Our team likes to be responsible data architects and have asked our software vendor ("vendor") for their data dictionary so that we can ensure our data warehouse fields can accommodate their data. We were having trouble getting a data dictionary from the "vendor". The application is a Software as a Service (SaaS) and they provide an API to access the data. Their response to us was: "Why would you need a data dictionary; this is a SaaS."
My first reaction was: "Oh, they're a SaaS, powered by unicorns." Not that I have anything against unicorns. Frankly, I wish I had access to unicorns in my database development efforts. But since when do data professionals not need data dictionaries?

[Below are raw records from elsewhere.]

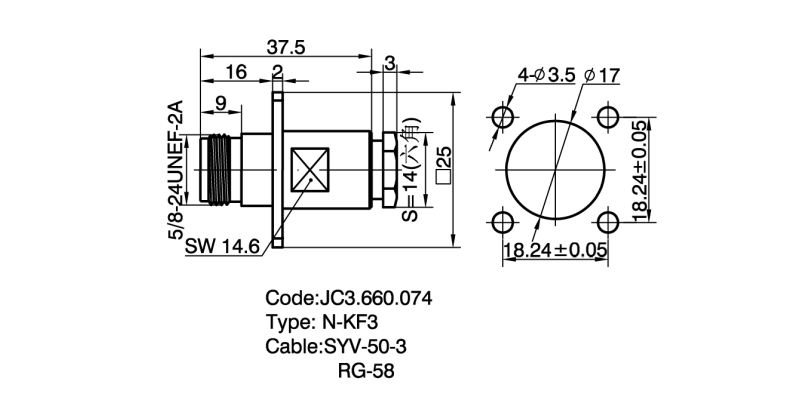 660.074 N-KF3 详情页2.png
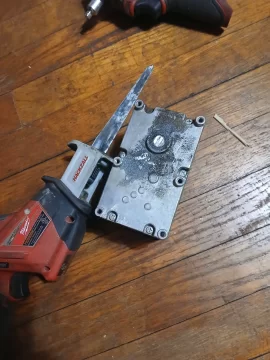 [Hearth.com] king PK130 which thru wall exh pipe kit to buy?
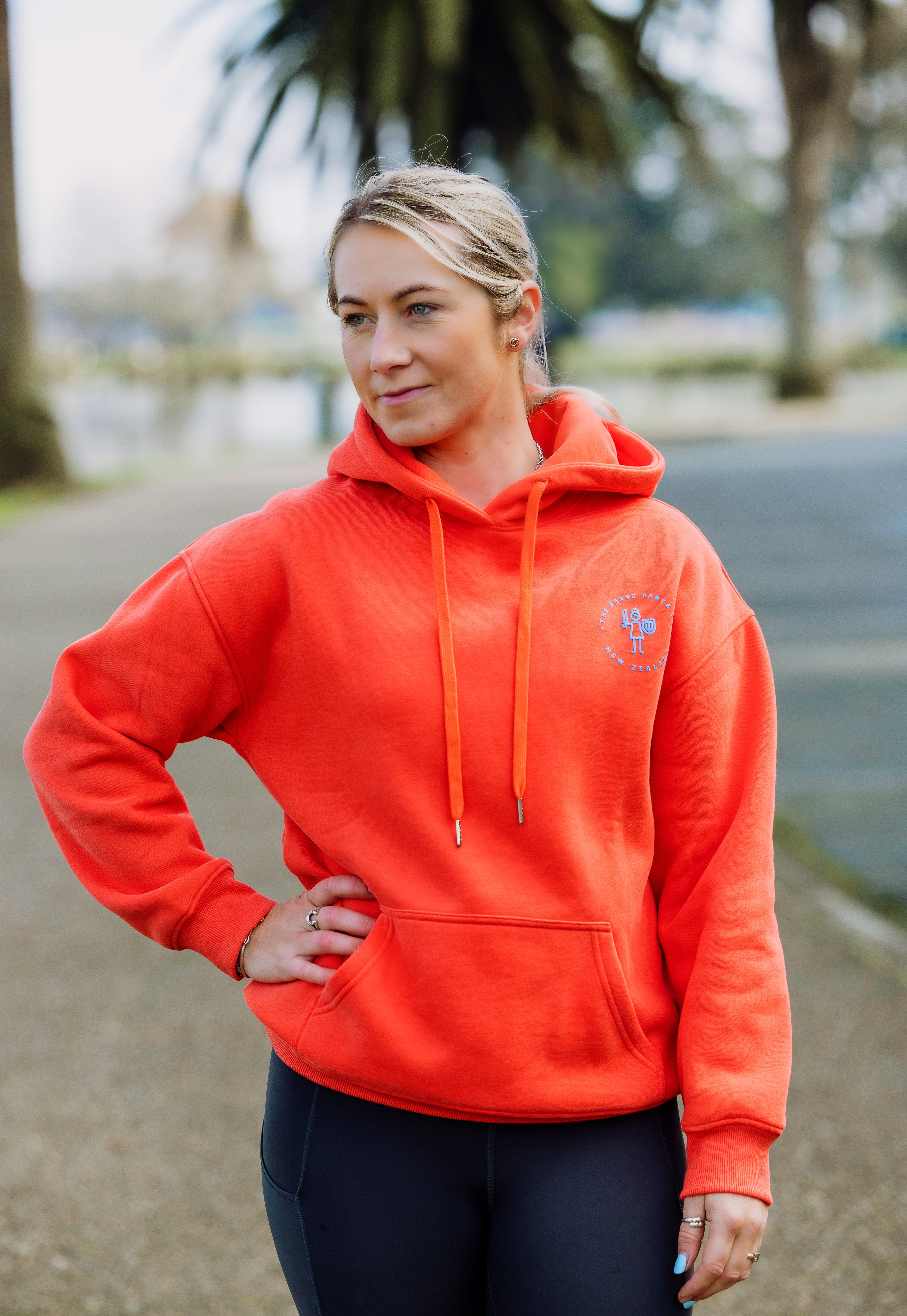 Activewear hoodies best sale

They're the backbone of any successful data-related development effort**. How would a team otherwise communicate the definition and intent of each data element?
Please enlighten me if that standard practice has gone by way of the dinosaurs. Perhaps I shouldn't be so ridiculous. The "vendor" could have a highly evolved team of Vulcans, in which case their mind-melding abilities would make the practice of data dictionaries obsolete.
All kidding aside, documentation is truly very important. How you accomplish it varies in each environment. You don't need to spend tons of money on special modeling software. A simple Excel spreadsheet can accomplish the job in a pinch.
** [See Chapter 2 of Pro SQL Server Relational Database Design and Implementation by Louis Davidson and Jessica Moss. The authors make an impassioned argument for requirements gathering and documentation along each step of the development process. One might argue that a SaaS is not an RDMS system and therefore not subject to data dictionaries because there are no data relationships. But that argument is a weak one at best.]